Dans la ville blanche, comme une variation vaporeuse sur le thème de l'errance, comme un écho diffus d'autres films. Du personnage de Bruno Ganz déambulant dans les rues de Lisbonne, aidé par son état aphasique, son déphasage et son isolement, on erre vers d'autres horizons. On pense à Jack Nicholson perdu en Afrique dans Profession : Reporter, on pense à Rüdiger Vogler à travers l'Allemagne dans Au fil du temps. Cette thématique de l'incertitude existentielle traverse les œuvres de Wim Wenders et Michelangelo Antonioni, et on pourrait établir de nombreux rapprochements — L'État des choses, par exemple, se déroulait également au Portugal, autour du tournage d'un film.
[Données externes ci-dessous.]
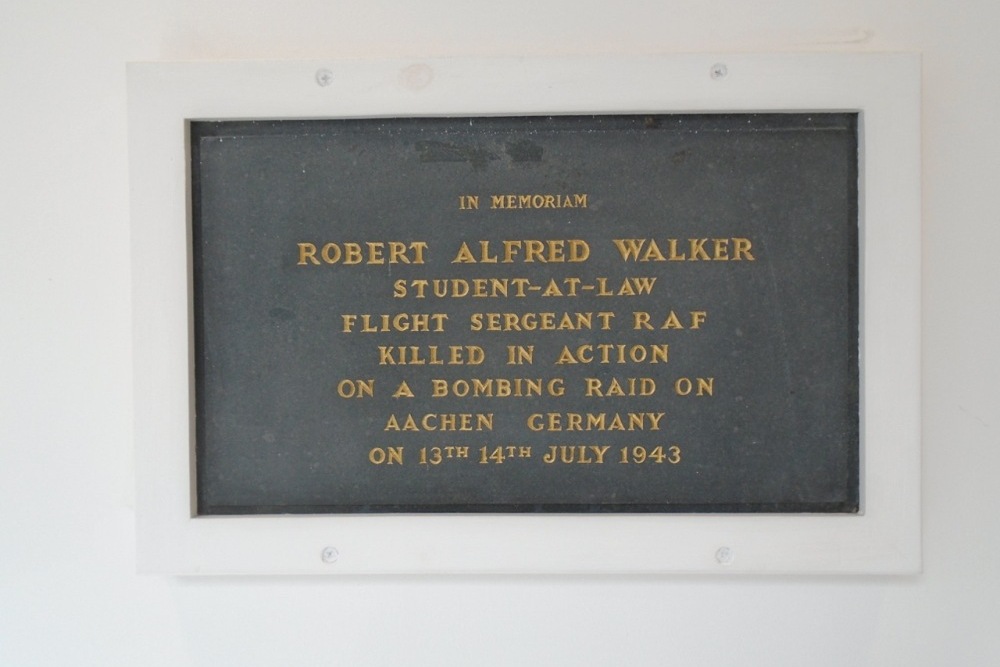 Plaquette Flt. Sgt. Robert Alfred Walker #1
De fait, l'état de Paul (Bruno Ganz) exhorte au questionnement existentiel à travers une série de temps morts. La mélancolie traverse le film de part en part. On est au creux de la vague, mais le protagoniste ne souffre pas de léthargie paralysante pour autant, bien au contraire : au-delà de la barrière de la langue et des différences de culture, le mécanicien allemand qui a déserté son poste sur un bateau s'insère avec une étonnante facilité dans la vie portugaise. Son amour pour la ville est aussi évident que son incapacité à prendre une décision quant à son avenir. Rester ici près de Rosa, une serveuse rencontrée dans un bar, ou retrouver Elisa restée en Suisse — avec qui il entretient une correspondance épistolaire nourrissant une dimension littéraire dense et intrigante.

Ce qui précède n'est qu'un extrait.